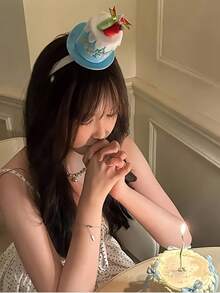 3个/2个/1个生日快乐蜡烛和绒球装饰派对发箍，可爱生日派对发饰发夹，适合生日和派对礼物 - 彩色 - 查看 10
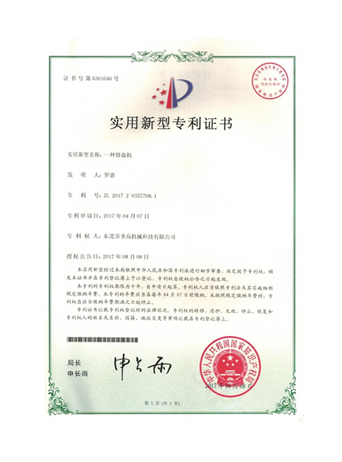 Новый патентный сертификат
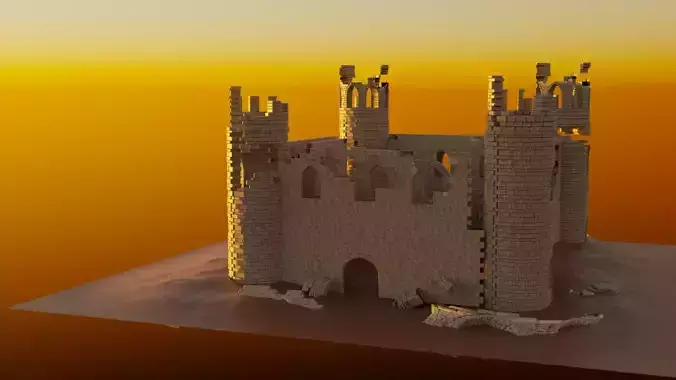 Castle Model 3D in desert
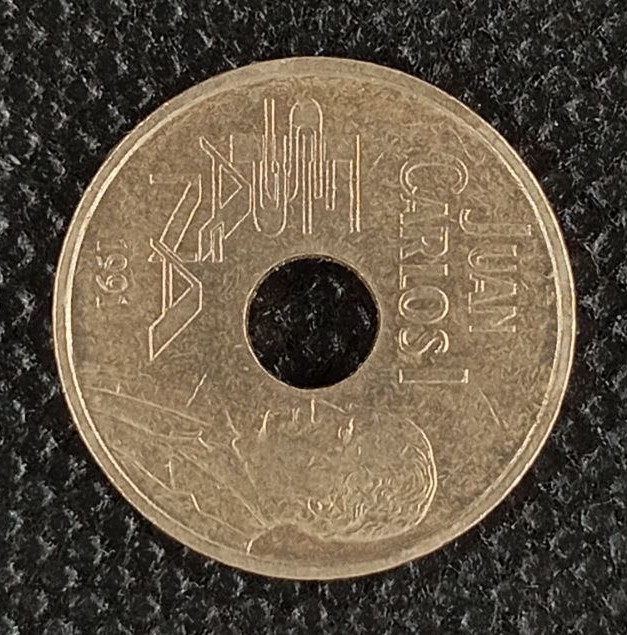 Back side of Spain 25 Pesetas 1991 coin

------------------------------------------------------------

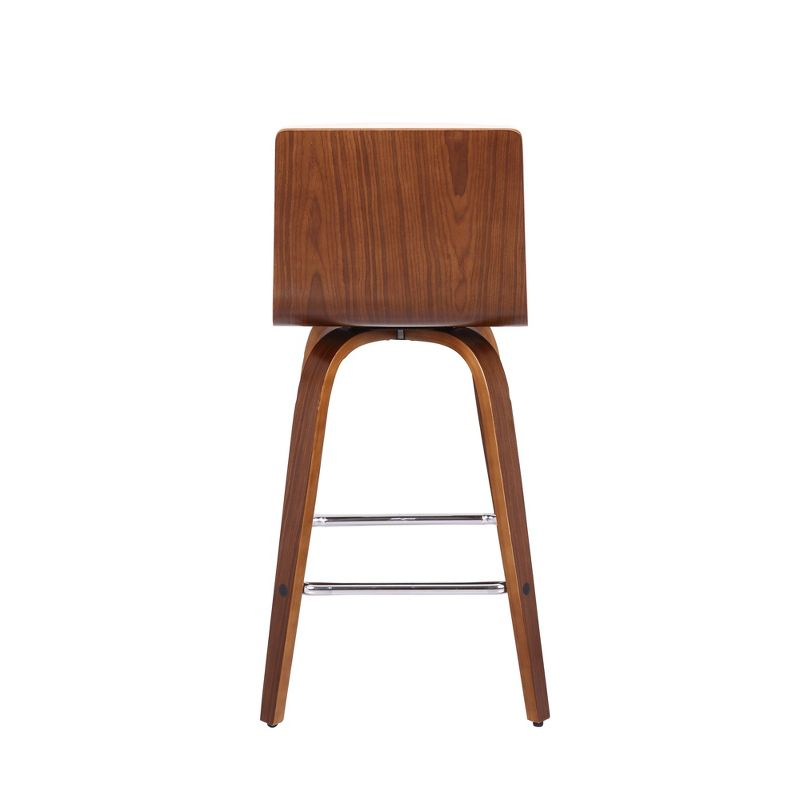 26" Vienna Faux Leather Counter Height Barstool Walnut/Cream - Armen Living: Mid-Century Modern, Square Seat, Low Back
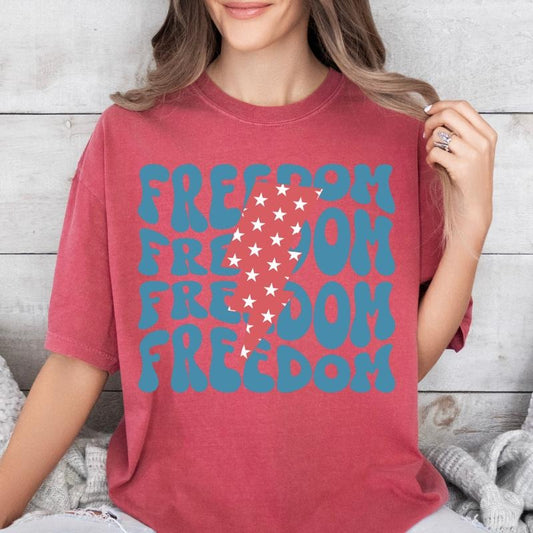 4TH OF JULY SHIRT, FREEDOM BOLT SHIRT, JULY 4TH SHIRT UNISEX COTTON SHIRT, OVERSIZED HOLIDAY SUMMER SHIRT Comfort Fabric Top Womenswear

------------------------------------------------------------

*Work item:* Because only one stretch of the records is wanted, please output the lines from the one holding "3个/2个/1个生日快乐蜡烛和绒球装饰派对发箍，可爱生日派对发饰发夹，适合生日和派对礼物 - 彩色" through the one holding "Back side of Spain 25 Pesetas 1991 coin" exactly, both included, and leave every picture out.

*Answer:*
 3个/2个/1个生日快乐蜡烛和绒球装饰派对发箍，可爱生日派对发饰发夹，适合生日和派对礼物 - 彩色 - 查看 10
 Новый патентный сертификат
 Castle Model 3D in desert
 Back side of Spain 25 Pesetas 1991 coin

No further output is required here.